A provision in the Patriot Act establishes a new cargo theft category for federal crime reporting purposes, a move shippers and law enforcement officials hope will curb increasing thievery of goods in transit.
The Patriot Act, which President Bush signed March 8, puts cargo theft in an exclusive list of serious crimes that the Federal Bureau of Investigation tracks through the Uniform Crime Reporting Program.
It’s not a silver bullet, but with cargo theft having its own classification within the UCR, in the long run, I think it will help law enforcement, International Cargo Security Council Executive Director William Corley said. ICSC members have lobbied for years for cargo theft to be its own UCR category.

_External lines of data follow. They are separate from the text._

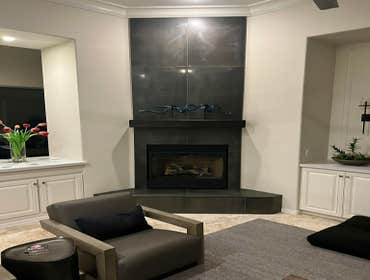 Photos by INSTATE Construction LLC #2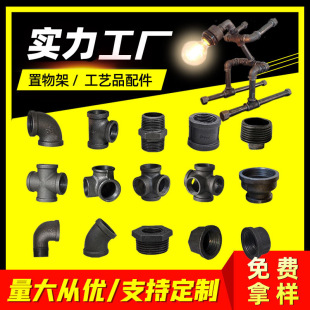 ��䓹ܼ�ˮů��ˇƷ����ܹܼ� �Ҿ��ý������ˮ�ܹ�ˇƷ���^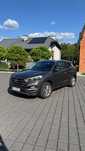 Hyundai Tucson 185 KM 2.0 CRDI Style 4X4, Pierwszy właściciel, Salon PL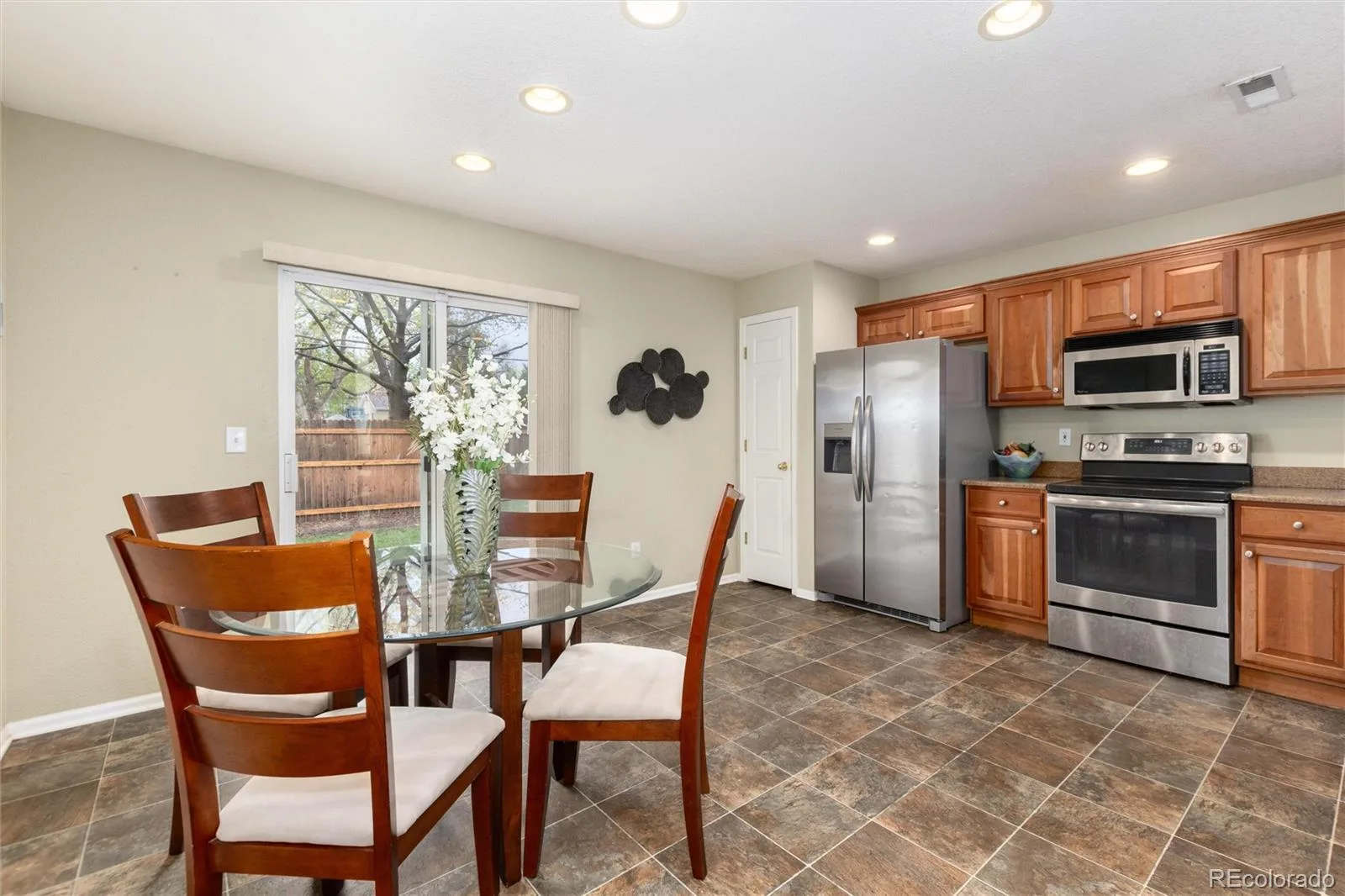 3516 Dexter Court Denver CO 80207 | MLS #REC4831575 08252026201007 1600 8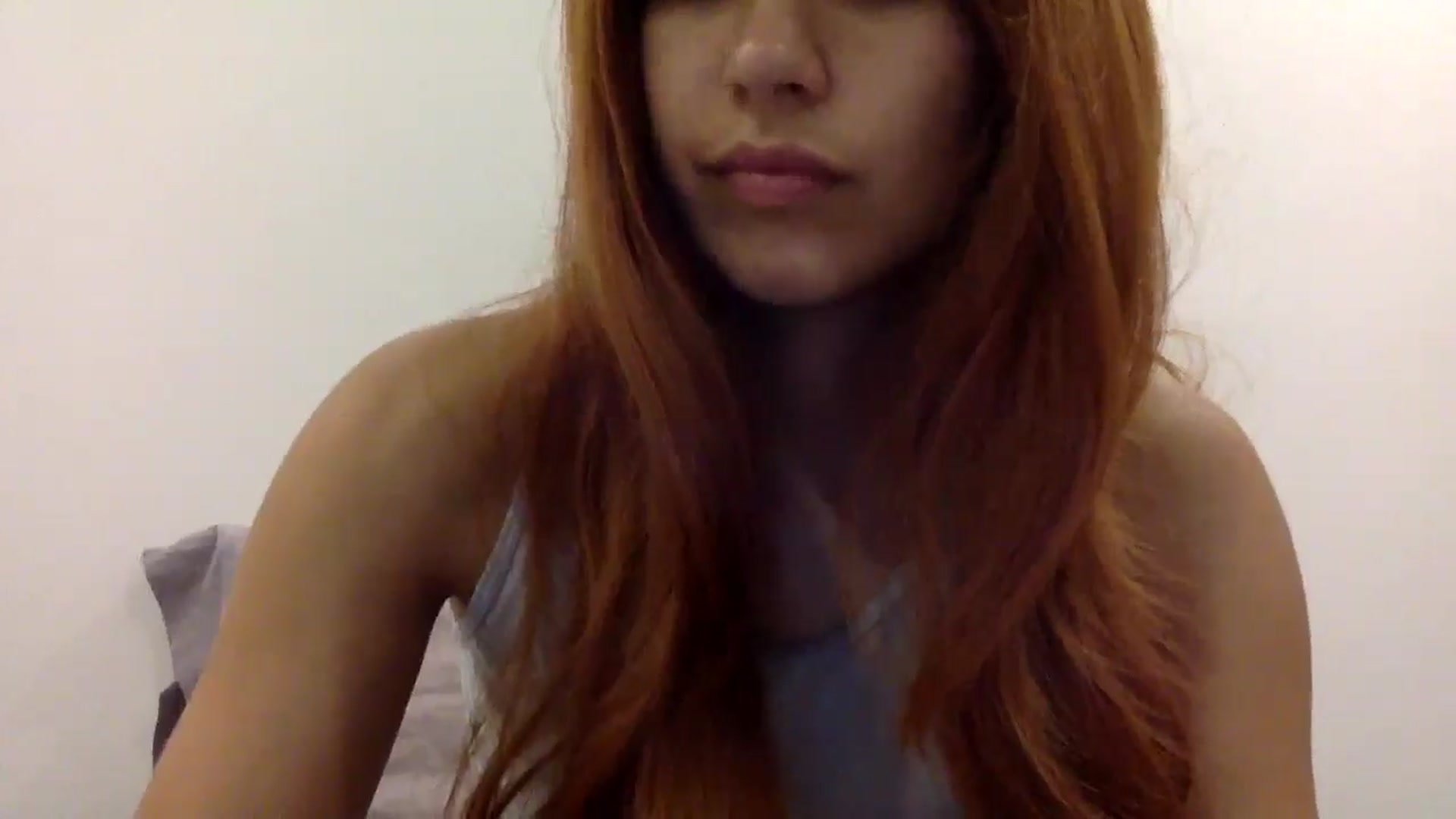 Gallery image thumbnail from PAPAJOHNS's myfreecams stream on, 07/28/2025, 16:12 image 8 of 20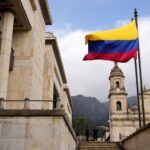 Αναταραχή στην Κολομβία: Ο γιος του στο επίκεντρο διαφθοράς και σκάνδαλων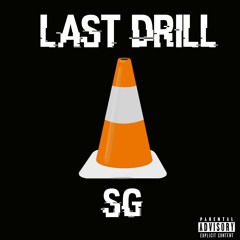 FUSE X YGS (SG) - Last Drill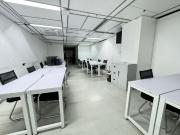 Office space for lease in Makati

They succeeded this year with the help of Rep. Cliff Stearns, R-Fla., whose Cargo Theft Prevention Act was wrapped into the new Patriot Act.
One estimate places the loss through cargo theft at $25 billion a year, said Stearns. This crime costs more than all bank robberies, computer piracies, burglaries and identity thefts combined. Profit from cargo thefts often goes to fund organized crime or terrorist activities, and we know that terrorists can make a lot of money stealing and selling cargo.
Neither the FBI nor the cargo industry has a good handle on how much cargo is stolen each year given the lack of coordinated reporting on the subject.
We can easily say that cargo theft costs U.S. businesses tens of billions of dollars per year, Corley said.
In addition to adding the cargo theft category to the crime reporting system, the Patriot Act increased jail time for cargo theft convictions. Theft of cargo worth less than $1,000 is now punishable by three years in prison, while incarceration can be up to 15 years for cargo theft worth more than $1,000.
Stearns picked up the issue several years ago after his local newspaper ran a series of stories on the growing problem of the theft of truck trailers in his part of Florida. In recent years, shippers and law enforcement officials have reported that cargo theft is increasing. At a hearing last year before the House Judiciary Subcommittee on Crime, Terrorism and Homeland Security, shippers and others said that cargo theft is an unfortunate byproduct of tightening supply chain security across the board.
The other categories the FBI tracks through the UCR, which is a voluntary reporting system, are murder and nonnegligent manslaughter, forcible rape, robbery, aggravated assault, burglary, larceny-theft, motor vehicle theft and arson.